Perhaps a more modern comparison could be comparing Han Chinese to European, or "white"? China, Europe... they're melting pots, as long as you're close to the dominant phenotype. I mean, think about it, any East Asian looking individual who grew up in China could probably say he's Han Chinese and go unchallenged.
This.

The closest analogy to modern China that the West has is if the Roman Empire survived and retained its Roman culture. Since this is definitely not the case today, you can see the envy that many, many, Americans, british etc have when it comes to China. You see it when a beanpole tom cotton insists that Chinese students must learn American works like Shakespeare (?!). You see it when they pathetically try to create a fake culture based on "aryan blonde romans" despite having such disdain for swarthy italians and greeks.

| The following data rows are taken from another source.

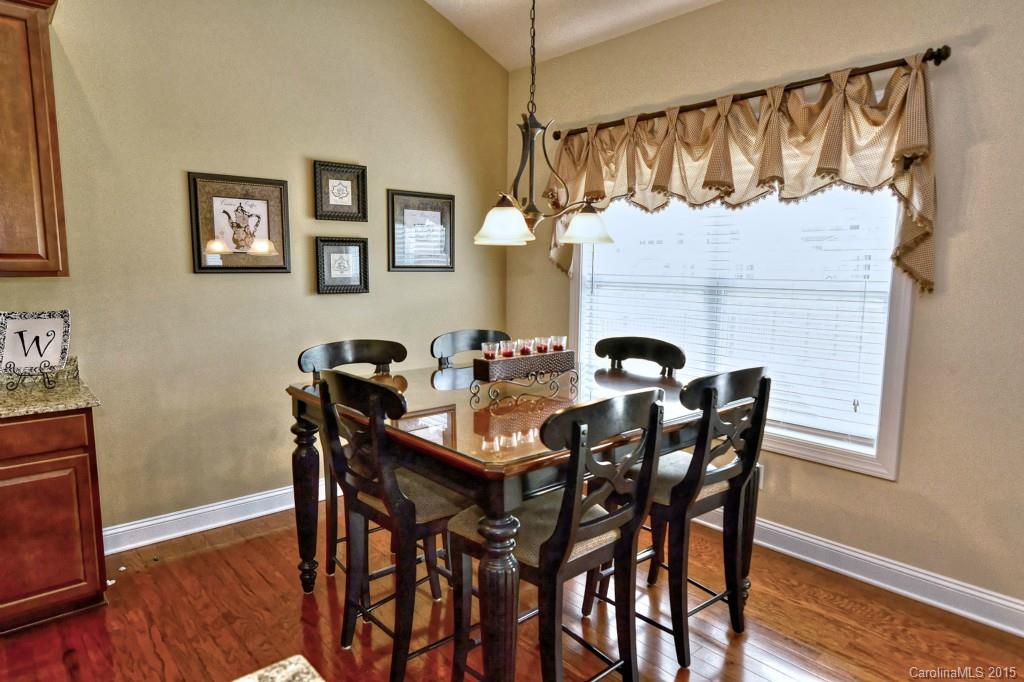 1628 Ridgehaven Road Waxhaw, NC 28173 - Photo 10 of 24 a view of a dining room with furniture and wooden floor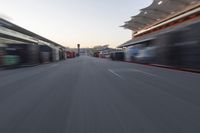 a blurry image of a bus moving in the distance near a terminal by itself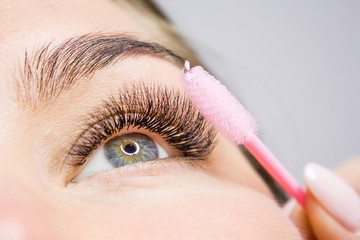 Beautiful Woman with long lashes in a beauty salon. Eyelash extension.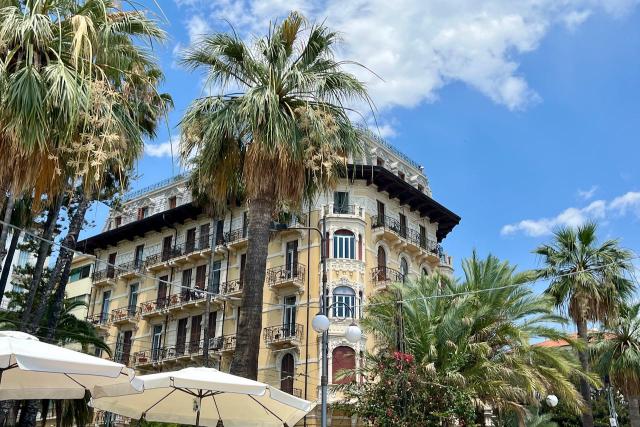 Building with palm tress against a blue sky in Sanremo, Italy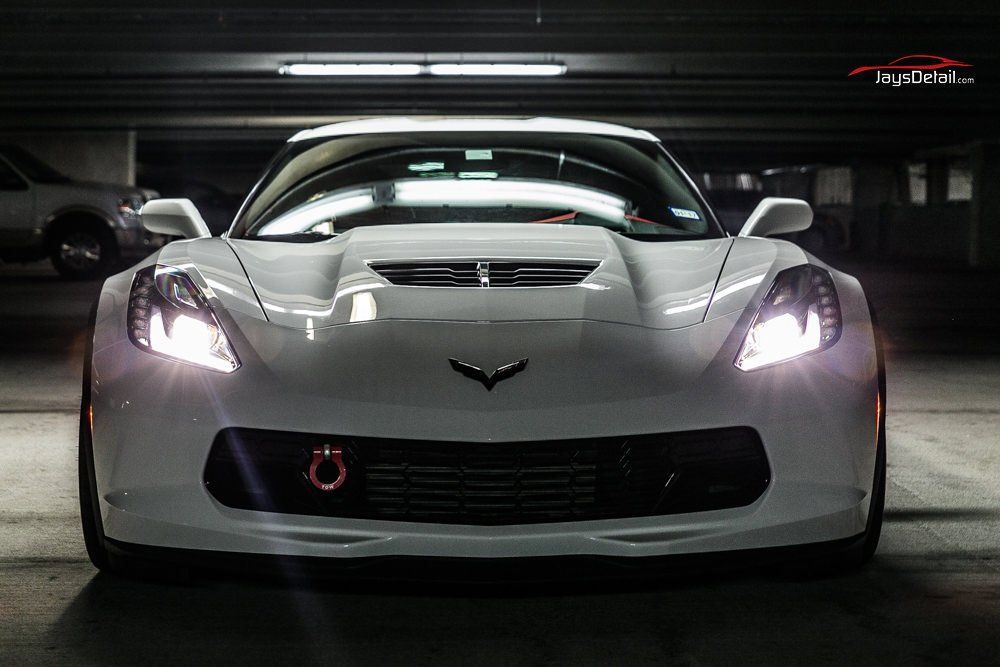 White Corvette with headlights on in a dimly lit parking garage.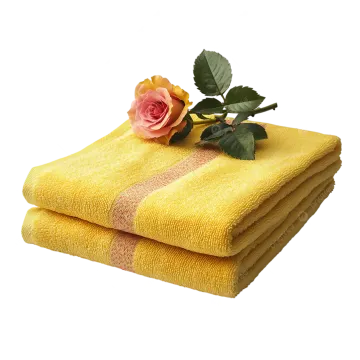 two yellow towels with a rose on top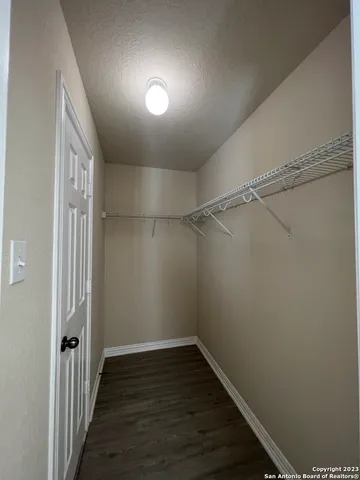 a view of a room with wooden floor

Even today, many western nations try to call themselves true heirs of the roman empire, the most pathetic i've seen were romanians who tried to equate dacians with true romanians, or modern americans who attempt to create an artificial state based on roman facades but built on a racial caste structure.

China's historic grand strategy is predominantly defensive, especially in accordance with Confucian principles which required sons to stay close to their parents so as to conduct funerary rites and to look after their parents; contrast this with the piratical culture of the anglosphere who like to think of themselves as individualistic adventurers, in reality sociopathic narcissists.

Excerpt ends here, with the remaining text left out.